Plaintiff Strongback was a general contractor on a residential development project. It had been hired by defendant NED, the owner of the property, to oversee the construction of five three-family homes. The parties’ contract provided that the work was to be completed within one year. After nine months, NED’s representatives did an inspection and observed that limited work had been completed. NED then terminated the contract.

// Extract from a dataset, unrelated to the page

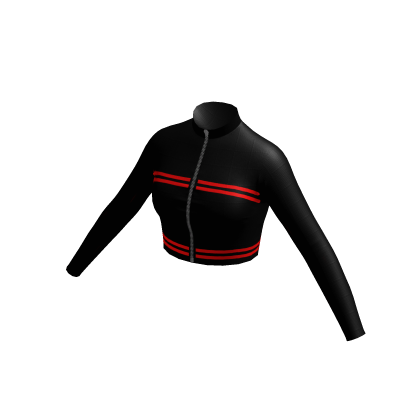 HUGO Black Red Stripe Crop Top thumbnail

Strongback brought this action alleging breach of contract and for foreclosure of a mechanic’s lien. Strongback moved to enforce the lien, and, before serving its answer, NED cross-moved to vacate the lien as void and willfully exaggerated. On a prior appeal, we agreed with NED’s position, stating: “The record establishes that this is not a case involving a mere inaccuracy or honest mistake in setting the amount of the lien. [Strongback] concedes that it received $238,000 from NED. The primary evidence of the value of [Strongback’s] work is NED’s concession that $85,081 in labor and materials was supplied to the project. Even [Strongback’s] own invoice reflects a value of only $122,395 in completed work ($9,500 for tree clearing, $44,007 for excavation and backfill and $68,888 for foundation work). Thus, overlooking the question of whether the sum sought for overhead is lienable, at the time the mechanic’s lien was filed, [Strongback] had been overpaid in the amount of at least $115,605, and its filing of the lien was altogether without justification. These facts conclusively establish that the lien was wilfully exaggerated, leaving only the issue of damages to be determined” (25 AD3d 392, 393-394 [2006] [citations omitted]).

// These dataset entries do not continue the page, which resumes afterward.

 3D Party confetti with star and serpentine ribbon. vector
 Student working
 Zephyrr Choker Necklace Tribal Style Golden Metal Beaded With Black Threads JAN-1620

Before our order was entered on the prior appeal, NED filed a *794summons and answer. In those pleadings, it added Strongback’s attorneys as additional defendants, and it asserted two counterclaims specifically alleging that Strongback’s counsel, Christopher Georgoulis and Georgoulis & Associates, PLLC, were responsible for the exaggerated lien. NED subsequently moved to have plaintiffs counsel disqualified, based upon the “advocate witness rule,” and an alleged conflict with their client. The IAS court denied this motion. We affirm.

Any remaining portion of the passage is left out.